Guest Blog Post By Barbara Minty McQueen - "My Husband Steve McQueen's Christian Walk"

Christal Cooper

* Photographs (unless otherwise noted) given copyright privilege by Mrs. Barbara Minty McQueen And Marshal Terrill.



**Text given copyright privilege by Mrs. Barbara Minty McQueen and Marshal Terrill



***The photographs are excerpted from the photograph/passage book Steve McQueen: The Last Mile Revisited by Barbara McQueen and Marshal Terrill.




Article – 1,690 Words

Guest Blogger – Barbara Minty McQueen
In Memoriam:  Steve McQueen’s Christian Walk
March 24, 1930 – November 7, 1980


       Contrary to popular belief, I am not a preacher’s daughter.  And contrary to popular belief, I didn’t talk Steve into going to church or becoming a born-again Christian near the end of his life.  That was a decision he made all on his own.
       Despite his worldwide fame and that he financially never wanted for anything, a certain peace had eluded Steve for most of his life.  He had seen and done it all in his 50 years on earth, but the one thing he didn’t have was the one thing he wanted the most – inner peace.
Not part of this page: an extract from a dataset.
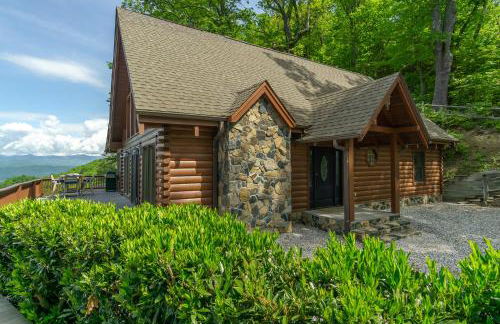 A Celestial Chalet Pets, Hot Tub & Mountain View - Photo 13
       Steve’s conversion to Christianity took place over the course of several years.  With his natural paranoia, Steve never jumped into anything until he was absolutely sure there was no “con” involved.
       I would have to credit Steve’s good friend Pat Johnson and his flight instructor Sammy Mason for blazing the path of Steve’s eventual Christian walk.
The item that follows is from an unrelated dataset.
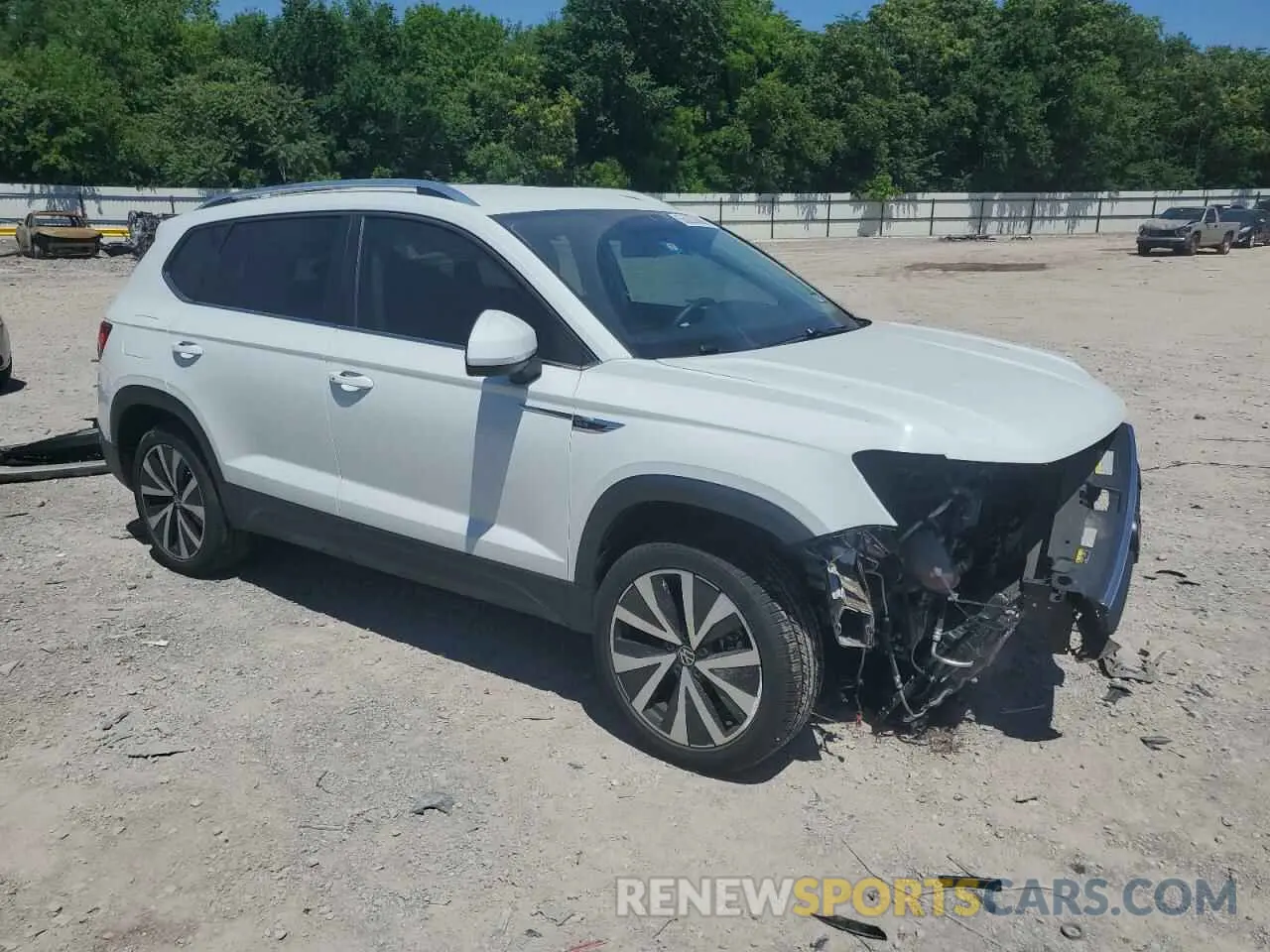 4 Photograph of a damaged car 3VVRX7B28NM063198 VOLKSWAGEN TAOS SE 2022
       Pat, who Steve knew since the early 1970s, was a very strong and dedicated family man.  Despite their tight bond, Steve never asked Pat about his religious beliefs or feelings for many years.  Pat also made sure never to preach anything about religion to Steve.  The quickest way to alienate Steve was to try and talk him into anything before he was ready to listen.
       Steve admired Pat a great deal because Pat was very faithful to his wife Sue, and he was completely devoted to his children.  Steve was also aware that Pat didn’t drink, smoke, do drugs or chase women – all things that were certainly a part of Steve’s tough guy image.  Yet, Steve knew that in spite of the fact that Pat was faithful and sober, there was a toughness that Steve respected.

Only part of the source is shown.